He wrote that police “are given great authority” and with that comes additional responsibilities. “They have to be beyond reproach.”
“I now recognize that when I schemed to take money for overtime I hadn’t earned, I betrayed my oath, my badge, and my community,” McAuliffe wrote. “I stole money from the taxpayers I was supposed to serve. I brought dishonor on myself, my family, and on the State Police, an institution that I love. I also failed as a father who serves as a role model for my young sons.”

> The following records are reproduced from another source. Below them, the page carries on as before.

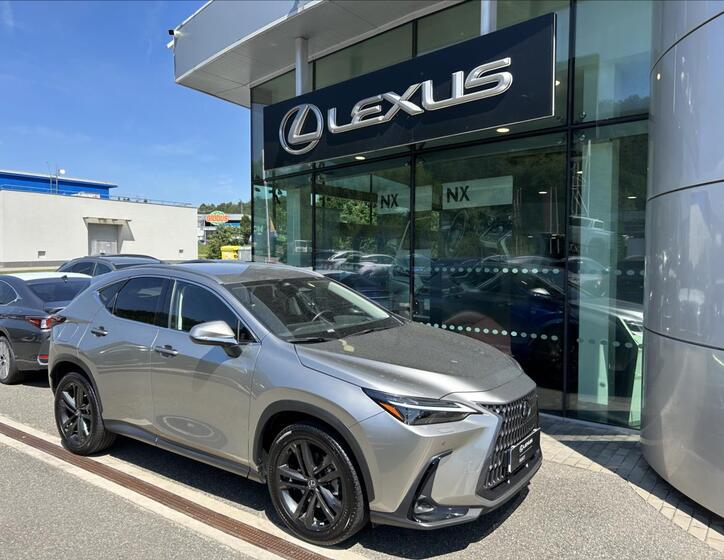 Lexus NX 450h+ 7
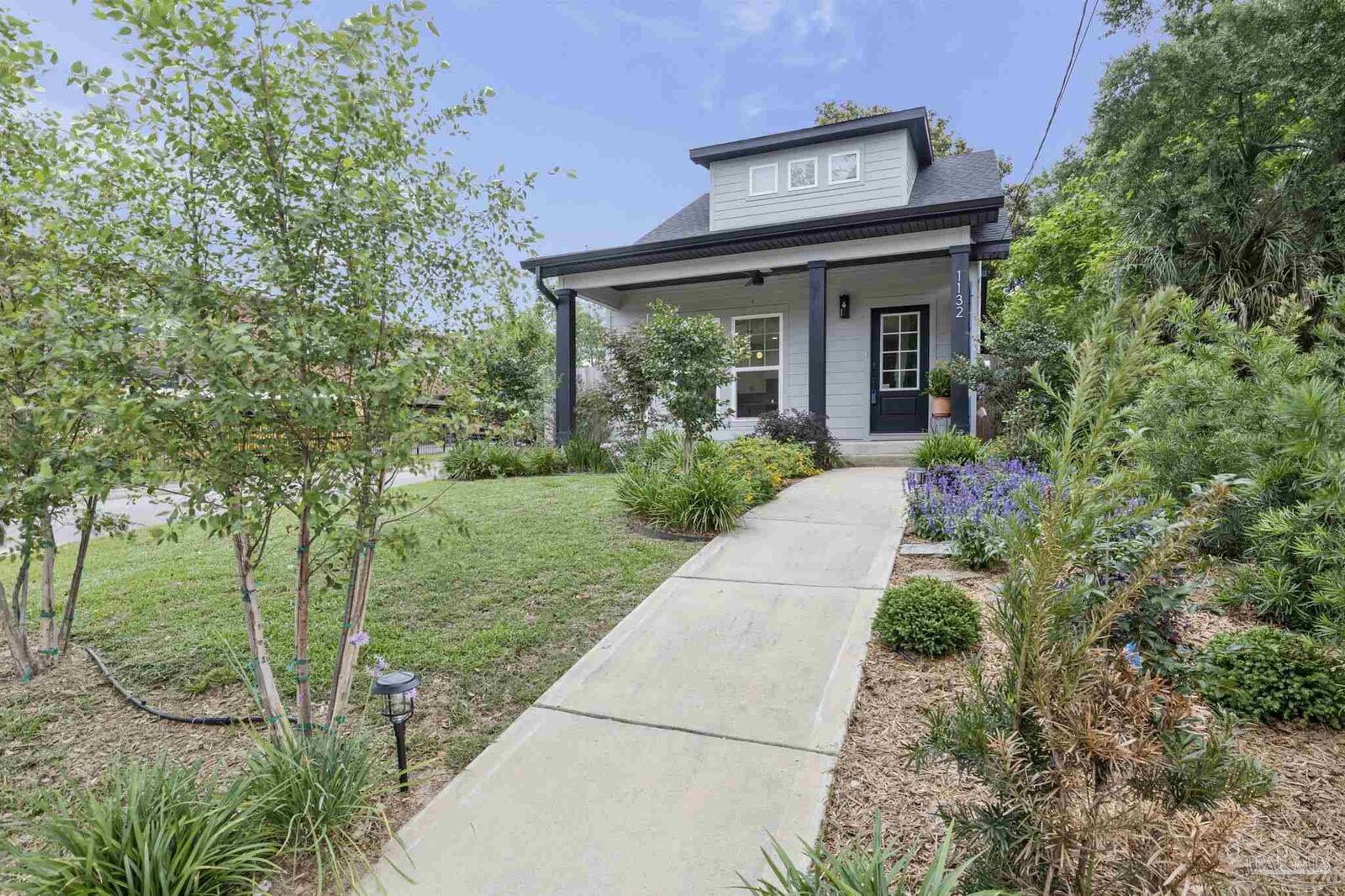 Property Photo: 1132 N I St FL 32501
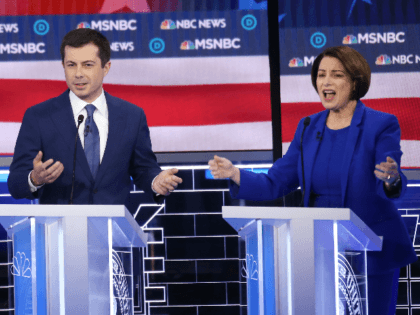 Democratic presidential candidate former South Bend, Indiana Mayor Pete Buttigieg (L) and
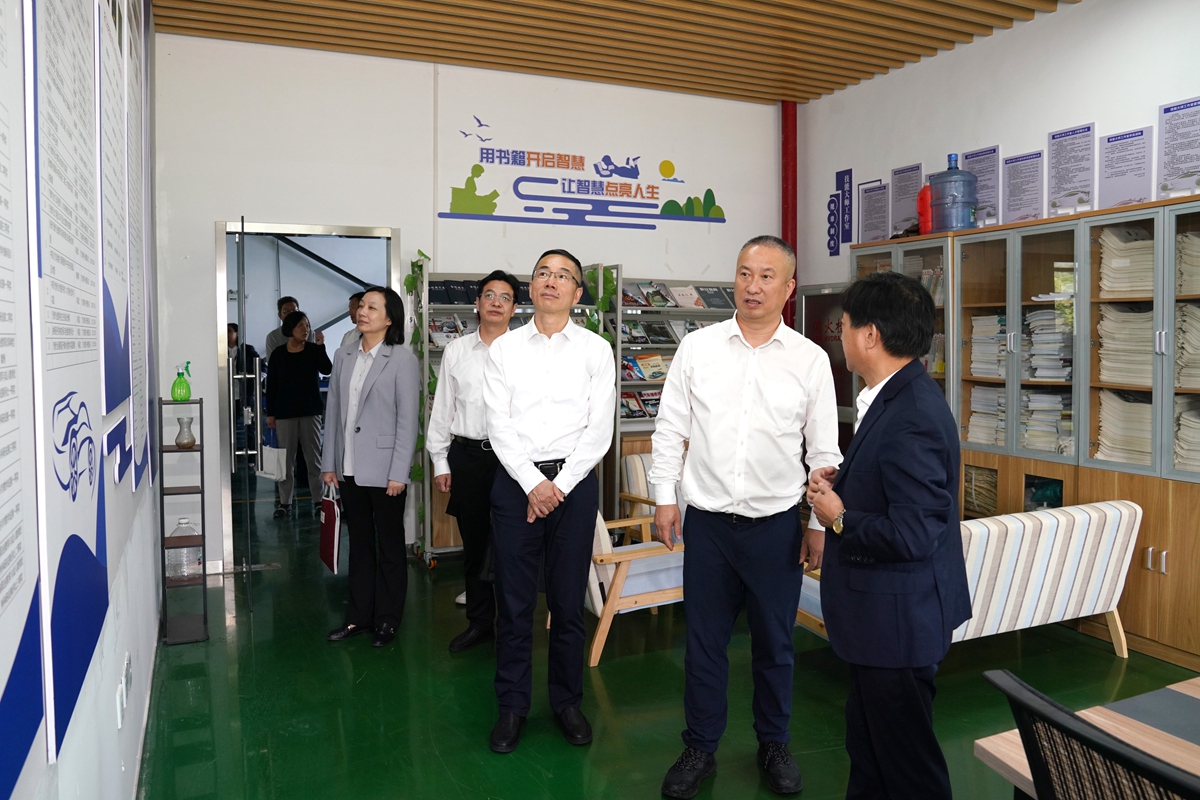 20241009市國(guó)資委黨委書記、主任陳文榮調(diào)研嘉興市交通學(xué)校，右起吳曉斌、陳文榮、柏衛(wèi)東、朱建華、李利（李阿梅 攝）.jpg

“It really doesn’t matter that many other Troopers were doing the same thing, that our superior officers knew about it, or that only a handful of us were singled out for federal prosecution. I am responsible for my own conduct; I chose to commit this crime; and I must now face the consequences of my actions, whatever they may be.”
Before news of the overtime scandal broke, State Police officials for years had received warnings about payroll irregularities. But, despite the red flags, there is scant evidence that department leaders acted to address the problems raised.
Even one year into the department’s internal audit of overtime abuse, State Police officials destroyed key evidence that federal prosecutors now say prevents them from examining how far back the scandal extends.
Last spring, after the allegations surfaced, Governor Charlie Baker and Colonel Kerry Gilpin pledged to make changes at the agency. But, one year later, the Globe found that several promises were partially, if not entirely, unfulfilled, and a culture shift has proved elusive.